All areas, except Coyote Street, are near trailheads and river crossings, Tillotson said.

“It’s all about safety and emergency access,” said Supervisor and Chairwoman Sue Hoek in a statement. “Minutes count when a swimming accident or a fire happens in the river canyon. We first saw this at our river crossings, but we’ve begun to see the same issues around emergency access across the county as recreational tourism has increased. At the river, we’ve increased our no parking signage and collaborated to increase patrols with our partners, but illegal parking has continued to be an issue that we need to do something about.”

The supervisors are expected to vote on the fee change July 12. It will become effective 30 days later.

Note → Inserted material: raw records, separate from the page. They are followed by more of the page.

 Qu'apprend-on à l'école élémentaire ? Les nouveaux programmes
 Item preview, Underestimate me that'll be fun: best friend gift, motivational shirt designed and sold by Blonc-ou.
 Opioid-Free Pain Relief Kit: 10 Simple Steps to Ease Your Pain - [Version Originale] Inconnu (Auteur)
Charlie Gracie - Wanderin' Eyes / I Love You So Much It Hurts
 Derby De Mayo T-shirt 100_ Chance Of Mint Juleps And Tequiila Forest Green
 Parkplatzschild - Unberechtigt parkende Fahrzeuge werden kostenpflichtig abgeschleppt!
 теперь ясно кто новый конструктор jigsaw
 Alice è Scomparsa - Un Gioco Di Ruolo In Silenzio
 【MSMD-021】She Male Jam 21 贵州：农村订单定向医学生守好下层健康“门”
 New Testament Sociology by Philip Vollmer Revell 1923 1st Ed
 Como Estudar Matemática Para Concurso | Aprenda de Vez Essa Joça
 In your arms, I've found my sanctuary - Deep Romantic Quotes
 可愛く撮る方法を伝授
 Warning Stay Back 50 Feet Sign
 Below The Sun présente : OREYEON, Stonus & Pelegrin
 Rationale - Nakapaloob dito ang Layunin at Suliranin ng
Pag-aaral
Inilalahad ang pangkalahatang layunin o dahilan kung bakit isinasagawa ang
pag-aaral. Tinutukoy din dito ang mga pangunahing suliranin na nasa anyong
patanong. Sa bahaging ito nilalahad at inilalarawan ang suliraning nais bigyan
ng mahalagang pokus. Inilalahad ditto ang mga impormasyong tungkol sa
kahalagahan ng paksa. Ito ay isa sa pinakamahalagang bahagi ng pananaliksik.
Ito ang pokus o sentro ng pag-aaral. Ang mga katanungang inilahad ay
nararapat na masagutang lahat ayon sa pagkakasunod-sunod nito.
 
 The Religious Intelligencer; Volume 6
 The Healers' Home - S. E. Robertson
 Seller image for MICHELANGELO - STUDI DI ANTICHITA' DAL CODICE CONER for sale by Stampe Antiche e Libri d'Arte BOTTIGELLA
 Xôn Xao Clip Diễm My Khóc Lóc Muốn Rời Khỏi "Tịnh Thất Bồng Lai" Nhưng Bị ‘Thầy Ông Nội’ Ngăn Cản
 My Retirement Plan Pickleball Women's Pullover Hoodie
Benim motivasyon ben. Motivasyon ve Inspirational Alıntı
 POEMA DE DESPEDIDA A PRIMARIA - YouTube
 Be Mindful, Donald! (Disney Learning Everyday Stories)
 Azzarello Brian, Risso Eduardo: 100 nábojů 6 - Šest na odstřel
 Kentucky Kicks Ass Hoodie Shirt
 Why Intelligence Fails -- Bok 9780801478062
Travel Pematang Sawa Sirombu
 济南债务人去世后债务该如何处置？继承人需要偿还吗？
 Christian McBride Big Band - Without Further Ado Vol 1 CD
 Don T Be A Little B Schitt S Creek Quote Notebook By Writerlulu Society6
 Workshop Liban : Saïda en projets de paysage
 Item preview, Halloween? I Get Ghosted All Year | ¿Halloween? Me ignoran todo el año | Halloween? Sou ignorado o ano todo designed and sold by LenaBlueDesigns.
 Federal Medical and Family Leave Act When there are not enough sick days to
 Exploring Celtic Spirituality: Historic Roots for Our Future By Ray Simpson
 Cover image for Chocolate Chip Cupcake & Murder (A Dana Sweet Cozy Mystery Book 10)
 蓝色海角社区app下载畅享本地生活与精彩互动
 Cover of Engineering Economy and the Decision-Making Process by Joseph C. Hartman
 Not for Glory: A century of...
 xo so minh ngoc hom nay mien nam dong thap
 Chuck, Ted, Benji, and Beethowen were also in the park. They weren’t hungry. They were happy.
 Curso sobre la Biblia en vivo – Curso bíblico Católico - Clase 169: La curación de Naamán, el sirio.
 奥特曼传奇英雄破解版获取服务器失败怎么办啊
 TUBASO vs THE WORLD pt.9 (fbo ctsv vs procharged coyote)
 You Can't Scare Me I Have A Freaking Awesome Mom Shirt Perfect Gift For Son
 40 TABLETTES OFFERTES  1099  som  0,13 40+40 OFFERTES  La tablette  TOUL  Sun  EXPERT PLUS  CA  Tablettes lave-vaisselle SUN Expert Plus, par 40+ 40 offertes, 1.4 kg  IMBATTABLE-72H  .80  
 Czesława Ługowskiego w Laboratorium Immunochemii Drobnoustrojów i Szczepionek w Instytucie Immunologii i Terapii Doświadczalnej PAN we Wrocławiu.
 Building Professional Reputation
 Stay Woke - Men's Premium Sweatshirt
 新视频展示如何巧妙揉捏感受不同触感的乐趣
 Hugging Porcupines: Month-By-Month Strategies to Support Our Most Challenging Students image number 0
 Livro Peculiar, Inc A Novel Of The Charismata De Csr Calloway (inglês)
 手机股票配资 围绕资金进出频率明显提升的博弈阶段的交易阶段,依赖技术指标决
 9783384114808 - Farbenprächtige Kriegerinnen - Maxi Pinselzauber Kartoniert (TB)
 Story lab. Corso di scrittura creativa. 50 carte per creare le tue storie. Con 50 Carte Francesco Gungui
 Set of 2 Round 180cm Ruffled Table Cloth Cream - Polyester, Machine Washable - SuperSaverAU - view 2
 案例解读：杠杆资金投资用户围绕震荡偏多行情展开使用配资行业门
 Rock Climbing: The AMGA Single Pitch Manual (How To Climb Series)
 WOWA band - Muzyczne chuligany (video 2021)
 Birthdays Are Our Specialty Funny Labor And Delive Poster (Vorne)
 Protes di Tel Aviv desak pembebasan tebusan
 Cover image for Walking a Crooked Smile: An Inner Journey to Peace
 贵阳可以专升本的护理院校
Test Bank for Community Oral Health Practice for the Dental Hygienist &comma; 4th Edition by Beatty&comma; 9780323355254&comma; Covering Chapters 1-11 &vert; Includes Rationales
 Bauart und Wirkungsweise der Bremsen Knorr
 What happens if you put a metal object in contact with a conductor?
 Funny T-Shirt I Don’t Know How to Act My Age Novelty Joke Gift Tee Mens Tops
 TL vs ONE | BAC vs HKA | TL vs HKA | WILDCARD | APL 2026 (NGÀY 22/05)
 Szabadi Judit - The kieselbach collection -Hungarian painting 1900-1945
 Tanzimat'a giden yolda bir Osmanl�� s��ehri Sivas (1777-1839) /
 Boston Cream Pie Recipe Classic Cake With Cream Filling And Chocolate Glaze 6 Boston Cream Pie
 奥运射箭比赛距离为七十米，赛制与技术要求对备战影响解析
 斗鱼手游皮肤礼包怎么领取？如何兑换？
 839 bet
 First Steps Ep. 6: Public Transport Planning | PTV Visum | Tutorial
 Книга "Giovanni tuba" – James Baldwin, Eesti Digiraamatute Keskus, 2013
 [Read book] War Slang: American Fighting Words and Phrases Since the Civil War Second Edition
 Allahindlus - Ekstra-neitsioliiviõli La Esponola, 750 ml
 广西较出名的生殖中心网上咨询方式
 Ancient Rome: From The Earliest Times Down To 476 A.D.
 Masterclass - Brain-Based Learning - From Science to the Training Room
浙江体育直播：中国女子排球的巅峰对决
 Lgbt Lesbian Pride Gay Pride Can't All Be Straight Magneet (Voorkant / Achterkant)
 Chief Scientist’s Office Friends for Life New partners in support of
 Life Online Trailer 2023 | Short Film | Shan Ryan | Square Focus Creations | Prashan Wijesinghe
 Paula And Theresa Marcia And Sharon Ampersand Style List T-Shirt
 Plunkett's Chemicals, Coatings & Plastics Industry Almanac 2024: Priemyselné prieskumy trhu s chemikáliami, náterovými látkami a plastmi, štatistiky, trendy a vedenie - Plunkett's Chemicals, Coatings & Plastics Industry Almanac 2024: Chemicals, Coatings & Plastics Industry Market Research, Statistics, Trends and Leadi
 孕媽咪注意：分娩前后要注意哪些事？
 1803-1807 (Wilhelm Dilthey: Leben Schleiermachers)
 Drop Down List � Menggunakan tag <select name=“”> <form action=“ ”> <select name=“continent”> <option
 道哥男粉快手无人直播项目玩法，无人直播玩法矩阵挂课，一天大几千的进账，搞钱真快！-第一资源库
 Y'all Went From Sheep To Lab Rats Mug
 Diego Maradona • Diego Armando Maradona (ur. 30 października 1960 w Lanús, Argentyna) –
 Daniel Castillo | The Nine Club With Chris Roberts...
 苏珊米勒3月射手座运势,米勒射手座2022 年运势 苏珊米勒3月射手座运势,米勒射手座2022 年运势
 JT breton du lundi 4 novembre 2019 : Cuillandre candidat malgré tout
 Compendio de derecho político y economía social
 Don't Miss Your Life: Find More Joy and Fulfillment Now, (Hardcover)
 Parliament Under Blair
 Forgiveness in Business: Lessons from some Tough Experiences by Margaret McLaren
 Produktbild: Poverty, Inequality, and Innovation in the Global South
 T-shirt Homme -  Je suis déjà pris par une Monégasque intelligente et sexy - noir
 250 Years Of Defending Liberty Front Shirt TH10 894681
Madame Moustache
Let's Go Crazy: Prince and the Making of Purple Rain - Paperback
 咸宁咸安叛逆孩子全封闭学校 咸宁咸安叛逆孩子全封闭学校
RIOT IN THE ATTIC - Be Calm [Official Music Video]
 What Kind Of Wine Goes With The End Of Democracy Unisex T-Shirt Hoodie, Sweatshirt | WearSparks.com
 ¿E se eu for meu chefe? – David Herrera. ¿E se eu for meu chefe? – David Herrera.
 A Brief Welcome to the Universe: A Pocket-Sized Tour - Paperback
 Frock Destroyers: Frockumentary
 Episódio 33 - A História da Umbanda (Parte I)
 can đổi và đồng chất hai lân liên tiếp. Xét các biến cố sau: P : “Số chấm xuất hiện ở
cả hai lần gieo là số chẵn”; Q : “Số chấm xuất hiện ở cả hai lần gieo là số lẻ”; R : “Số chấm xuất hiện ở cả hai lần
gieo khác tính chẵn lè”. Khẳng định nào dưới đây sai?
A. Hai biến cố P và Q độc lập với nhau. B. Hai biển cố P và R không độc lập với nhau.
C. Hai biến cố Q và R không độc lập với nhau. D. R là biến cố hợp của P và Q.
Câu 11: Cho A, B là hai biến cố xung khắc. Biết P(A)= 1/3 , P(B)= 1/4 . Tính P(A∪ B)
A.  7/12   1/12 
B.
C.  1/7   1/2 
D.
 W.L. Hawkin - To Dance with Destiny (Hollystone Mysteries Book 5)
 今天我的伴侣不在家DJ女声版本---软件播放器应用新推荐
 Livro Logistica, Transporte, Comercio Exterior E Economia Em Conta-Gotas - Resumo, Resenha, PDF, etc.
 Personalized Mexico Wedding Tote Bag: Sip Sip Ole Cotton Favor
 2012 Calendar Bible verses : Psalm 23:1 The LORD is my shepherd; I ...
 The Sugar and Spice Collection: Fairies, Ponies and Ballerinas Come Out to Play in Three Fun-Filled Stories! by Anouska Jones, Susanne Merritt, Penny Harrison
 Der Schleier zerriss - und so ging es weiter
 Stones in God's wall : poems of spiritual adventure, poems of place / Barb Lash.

In addition to the grant money and parking changes, officials are planning a recreation and resiliency master plan. The county has no parks and doesn’t administer park programs, and has never had a master plan. This plan will identify the county’s river crossings and trailheads.

Proposals for the plan are due July 14, and the county hopes to award a contract by Sept. 13. It’s expected to take a year to complete.

The process will include many public meetings and focus groups.

“This master plan will really help the county’s role in recreation,” Tillotson said.